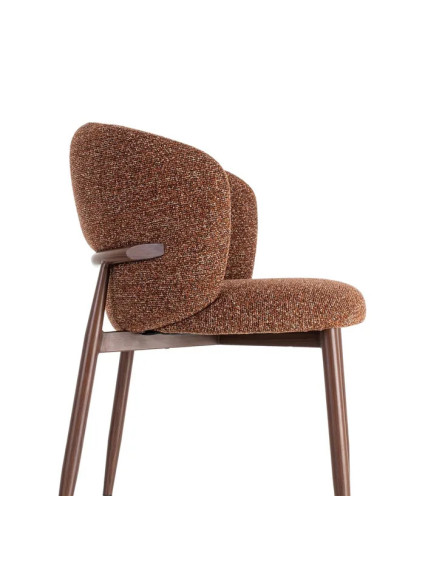 CÁÑAMO  JASPEADO 57 X 59 silla teja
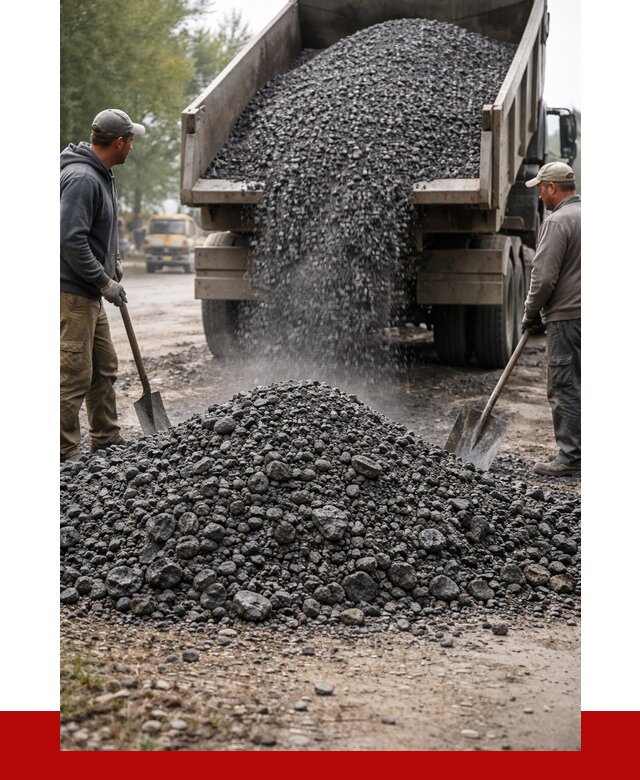 Дробленый асфальт в Симферополе от 2908 р. с доставкой | ПРОНЕРУДСим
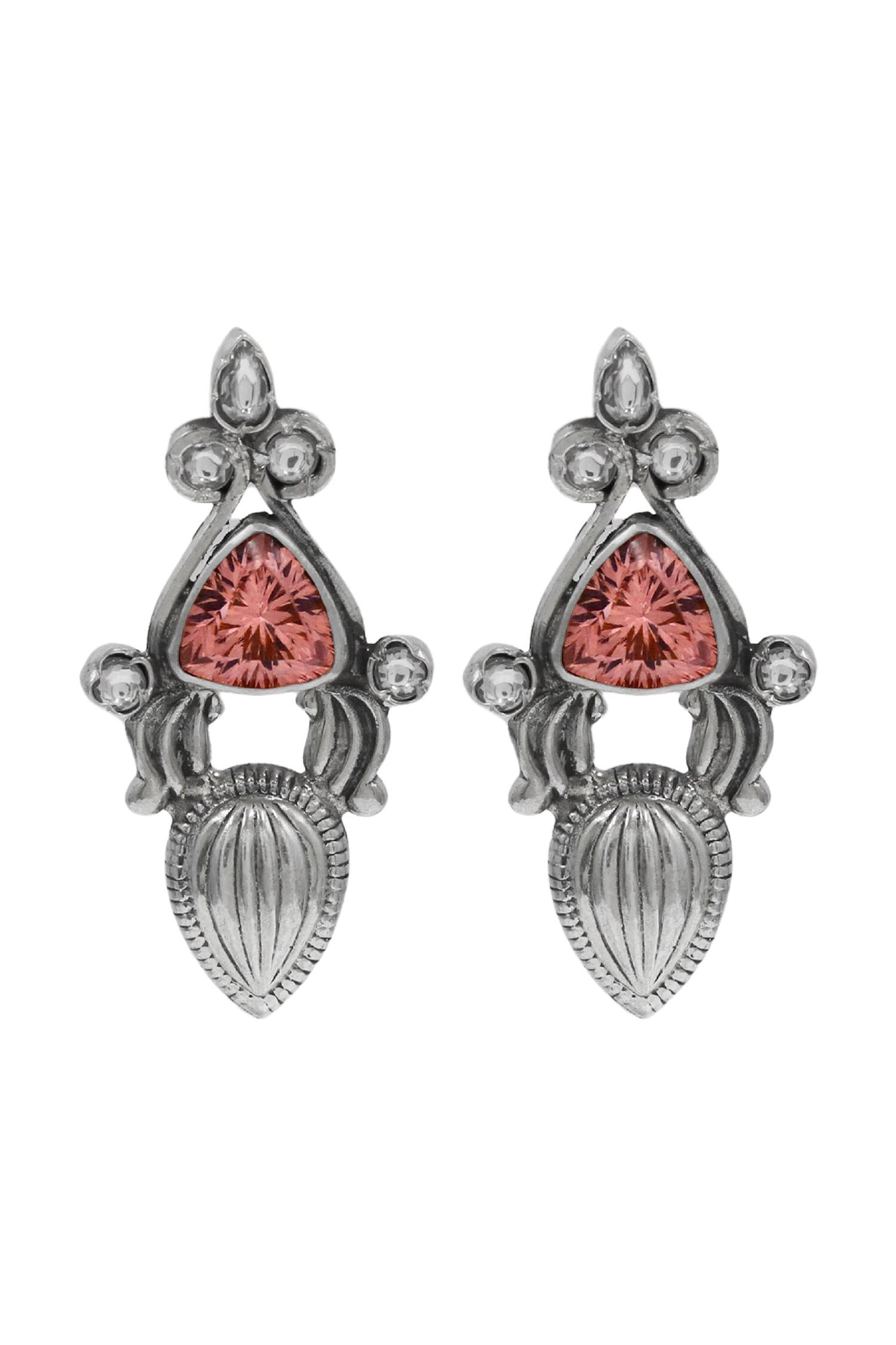 Heritage Silver Earrings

→ **What to work on**: An exact transcription of the listing is required, and it must contain no pictures.

→ **Task output**:
 CÁÑAMO  JASPEADO 57 X 59 silla teja
 Дробленый асфальт в Симферополе от 2908 р. с доставкой | ПРОНЕРУДСим
 Heritage Silver Earrings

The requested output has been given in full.